In the medium-term we would like to see innovation acknowledged and rewarded in an adequate way. In the last couple of years, there has been a tremendous cost consolidation program run by the payer organizations with the backing of the federal government. This was a success, especially in regard to pharmaceuticals. The targets were achieved or exceeded, and now I would like to see “headroom for innovation” being materialized. This means that with this ongoing cost-consolidation program, considerable amounts of money are and were being saved. Now we are thinking that it would be appropriate and in the best interest of patients in Austria that this saving potential is being directly used for increasing innovation in Austria. This means to really spend and invest in innovative drugs in Austria.

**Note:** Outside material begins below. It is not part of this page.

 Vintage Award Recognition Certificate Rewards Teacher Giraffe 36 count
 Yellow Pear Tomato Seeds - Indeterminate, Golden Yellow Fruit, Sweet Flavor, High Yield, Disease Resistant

We saw a significant increase in the use of generics, a broad achievement of the goals of these cost consolidation programs but now it is time to spend again on the areas where investments are needed. Currently, the situation involves only focusing on the benefits of an innovative drug in quite restricted areas of the reimbursement sector. Any positive effects that an innovative drug can have in the hospital sector are not being adequately considered by the system. This means that when you come up with a new innovative drug that saves a patient several days in the hospital, it is not appropriately acknowledged, paid for, or remunerated within the Sick Funds system. I would like to see this changed. From a macroeconomic point of view it does not make sense to only focus on one area, we need an overall approach that allows to maximise the benefit from an innovative drug for the patient and for the health care system in Austria. The benefits of innovative medicines cannot be realized or seen when only focused on a very restricted area.
In the last two years, FOPI has established a well-known profile and has made clear what it stands for through its various tools and activities. Now individuals are aware of FOPI and it is time to get into the second phase, especially in these areas of difficult economic situations, to make clear what innovation can bring in terms of benefits for the patients and the country. This is what FOPI stands for.